Will students in the building see changes in future class meetings for the benefit of all grade levels?


Gloria Namgung, Editor-in-Chief

The class meetings held on Friday, Dec. 2 were not effective for students. 

The goal of these meetings was to hold students accountable for the number of tardies and low grades that were present in each grade level. However, there were no reforms or ideas given to students to help with academic performance and presence. 

Rather than seating students of all grade levels to give insight and aid on how to avoid these issues, statistics were given to warn students. 

What could have been done instead?

School officials could have followed up on the high numbers of tardies with tips on how to get to class on time and acknowledge the consequences of serving time in academic recovery.
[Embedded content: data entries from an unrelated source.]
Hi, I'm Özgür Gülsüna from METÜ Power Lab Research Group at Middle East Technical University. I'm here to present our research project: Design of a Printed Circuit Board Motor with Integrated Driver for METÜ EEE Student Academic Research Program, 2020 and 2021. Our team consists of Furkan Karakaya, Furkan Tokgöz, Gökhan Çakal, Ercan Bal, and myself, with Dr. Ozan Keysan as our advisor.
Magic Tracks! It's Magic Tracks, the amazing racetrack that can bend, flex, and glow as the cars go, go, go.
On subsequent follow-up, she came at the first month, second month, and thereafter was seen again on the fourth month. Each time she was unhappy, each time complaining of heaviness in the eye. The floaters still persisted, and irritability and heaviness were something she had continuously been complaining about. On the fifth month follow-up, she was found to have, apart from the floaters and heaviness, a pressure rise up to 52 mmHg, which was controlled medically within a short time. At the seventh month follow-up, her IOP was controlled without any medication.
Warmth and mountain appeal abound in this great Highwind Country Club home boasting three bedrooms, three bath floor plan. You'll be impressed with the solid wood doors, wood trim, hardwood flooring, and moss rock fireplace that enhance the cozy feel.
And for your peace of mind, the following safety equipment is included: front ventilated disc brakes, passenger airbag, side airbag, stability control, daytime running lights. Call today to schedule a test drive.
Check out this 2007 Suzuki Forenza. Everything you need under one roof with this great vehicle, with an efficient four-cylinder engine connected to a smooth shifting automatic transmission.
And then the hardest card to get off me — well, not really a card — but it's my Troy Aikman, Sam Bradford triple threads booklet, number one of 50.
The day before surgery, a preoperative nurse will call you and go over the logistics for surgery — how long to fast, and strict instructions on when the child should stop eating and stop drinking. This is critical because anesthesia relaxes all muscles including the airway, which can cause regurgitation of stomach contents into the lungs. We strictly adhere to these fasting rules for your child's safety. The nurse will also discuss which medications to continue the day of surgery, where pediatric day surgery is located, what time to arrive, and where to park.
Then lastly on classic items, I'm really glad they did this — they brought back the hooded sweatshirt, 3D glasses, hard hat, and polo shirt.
The amount of failing grades could’ve been an outlet to introduce tutoring available inside the school. 

The material addressed in the class meetings could have easily been covered in an advisory class period rather than students having to leave in the middle of their classes to head to the auditorium. If advisory has the main goal of being an additional required class to further academic performance with students, it is more appropriate and efficient to discuss it in that setting. 

From a student’s standpoint, I felt more unaccomplished and lectured after the meeting rather than educated on what to do to avoid receiving tardies and failing grades. 

The last class meeting discussed Homecoming Week and the activities and opportunities regarding it. This class meeting was a success because students had the ability to vote and choose how they wanted the school’s Homecoming Week to look. In addition, students voted for who they wanted the student body president to be. This is how a class meeting should be structured, with students having the power to participate and use their voices as input.

In the future, I would hope that class meetings would be beneficial for teachers and students. Rather than a platform to lecture students, it should be a platform to educate and guide students in completing high school over the years.